The app allows you to either upload an image of the ingredients of a cosmetic product or take a picture. Using OCR software, it reads in the text. Because OCR is often inaccurate, we also 'spell-check' each ingredient, based on a database of possible ingredients. After analyzing the ingredients, it produces a pie chart showing the percentages of High, Medium, and Low Risk ingredients, as well as the ingredient list with each individual hazard rating (also separated by High, Medium, and Low Risk).
We used the Kivy library to create the app UI, and a Python OCR library called pytesseract to read ingredients from the picture. We compiled a database of possible ingredients and their hazard ratings. Then, we used nltk's edit distance metric to spell-correct the text that was generated from pytesseract, using the database of possible ingredients. Using matplotlib, we created a pie chart from the hazard ratings of each ingredient, categorizing them by High, Medium, and Low Risk. Then we created a color-coded version of the list of ingredients and their hazard ratings (1-10).

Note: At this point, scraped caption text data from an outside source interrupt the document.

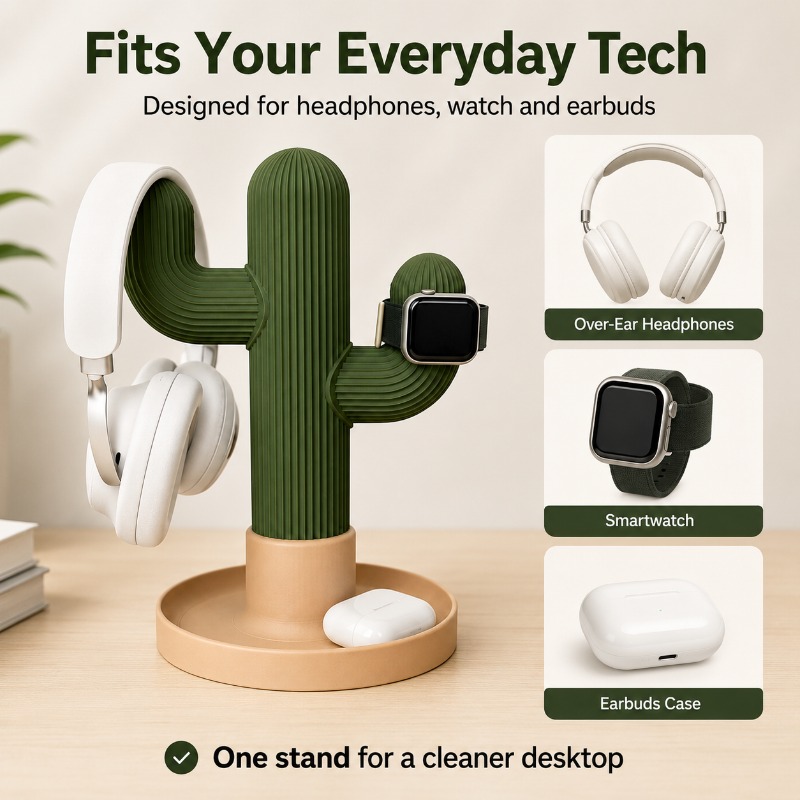 Support Minimaliste pour Casqu - Headphone Stand Desk avis et prix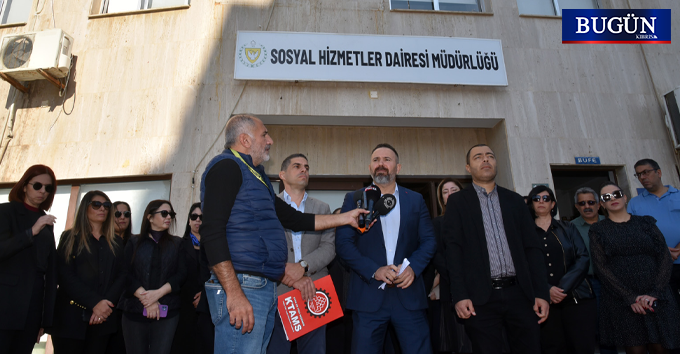 KTAMS’tan Sosyal Hizmetler Dairesi’nde güvenlik eksikliğine tepki: “Çalışanlarımız sahipsiz değildir”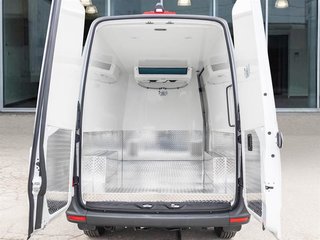 2026 Mercedes-Benz Sprinter 2500 144 Wheelbase High Roof RWD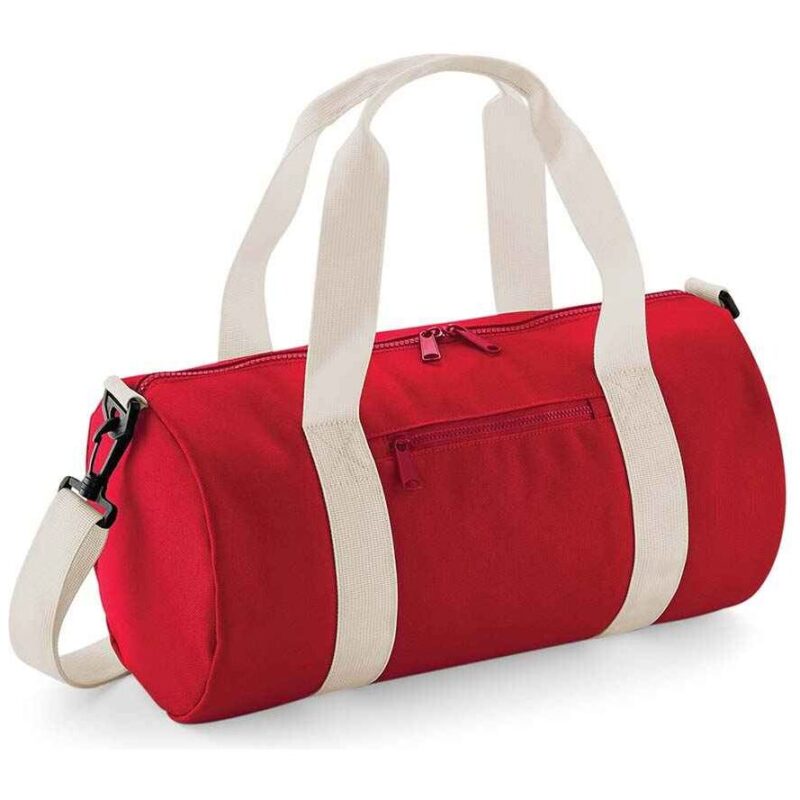 BagBase Mini Barrel Bag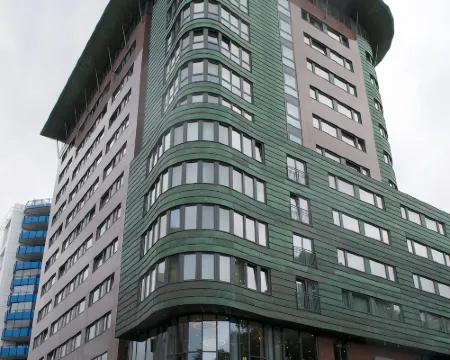 Clarion Hotel Stavanger Hotels in Stavanger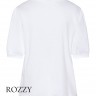 Футболка хлопковая Hanro Natural Shirt 078741 белый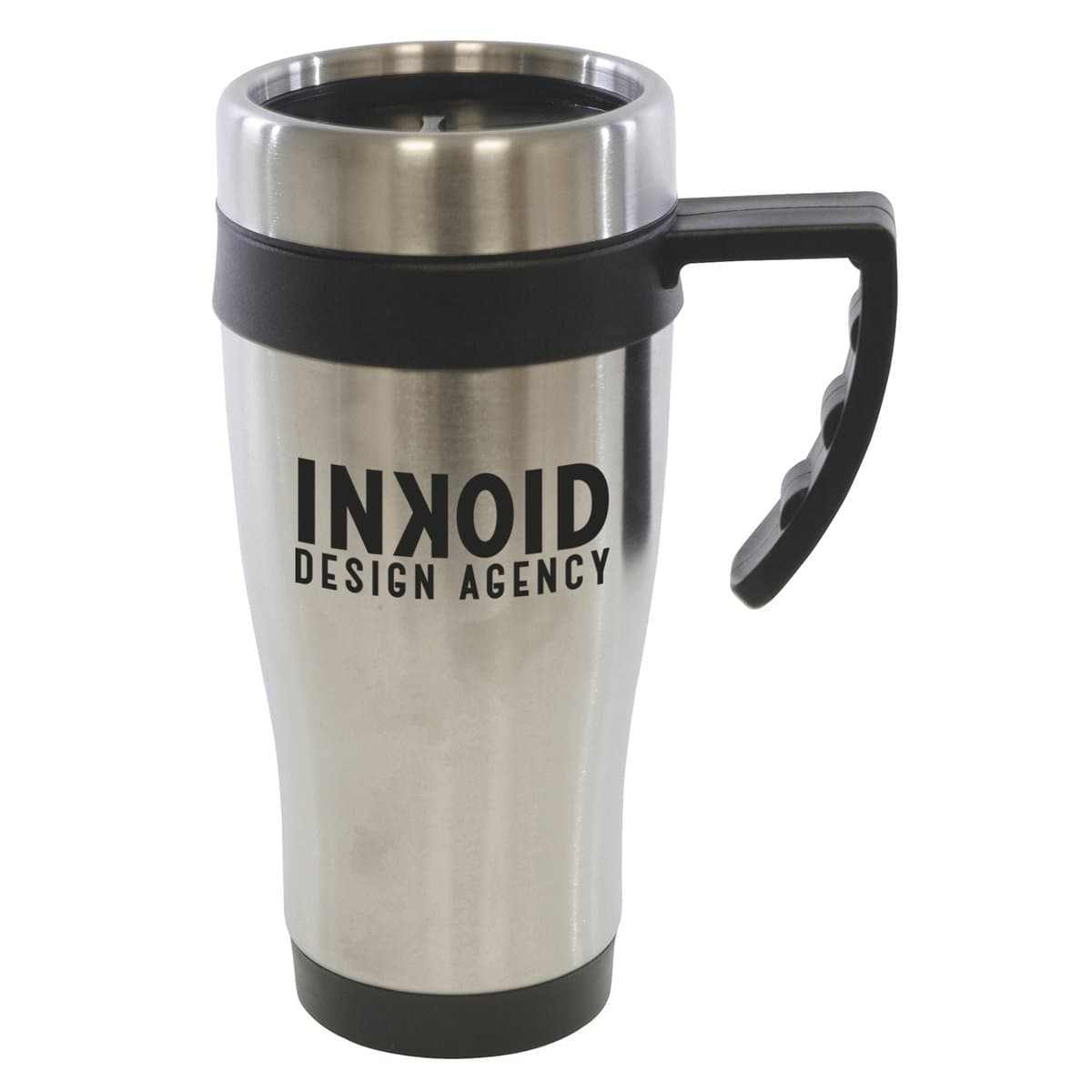 Oregon 400ml Travel Mug 4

Inaccurate string generated from pictures, due to contrast, skewing, noise, blur, etc. For these reasons, we found that it was much easier to generate a quality ingredients list from screenshots rather than pictures from a camera. No existing API for cosmetic analysis apps.
We accomplished our overall goal of creating a user-friendly app for consumers to quickly understand which ingredients in cosmetic products might be harmful. If we were to expand our database of ingredients, we could easily expand the scope of our app to be used for food restrictions as well.
Producing a string from an image using OCR; creating charts in matplotlib; NLTK and the idea behind spell-checkers; extracting data from an HTML file; creating and reading a database in Python and SQLite
Going forward, we would improve the rating system to account for the composition percentages of chemicals. We would also like to improve image to text precision and acuity so that pictures taken under various environments (dark, low-contrast, reflective surfaces) can be recognized. Furthermore, we would like to expand our data base to other products involving chemicals such as food.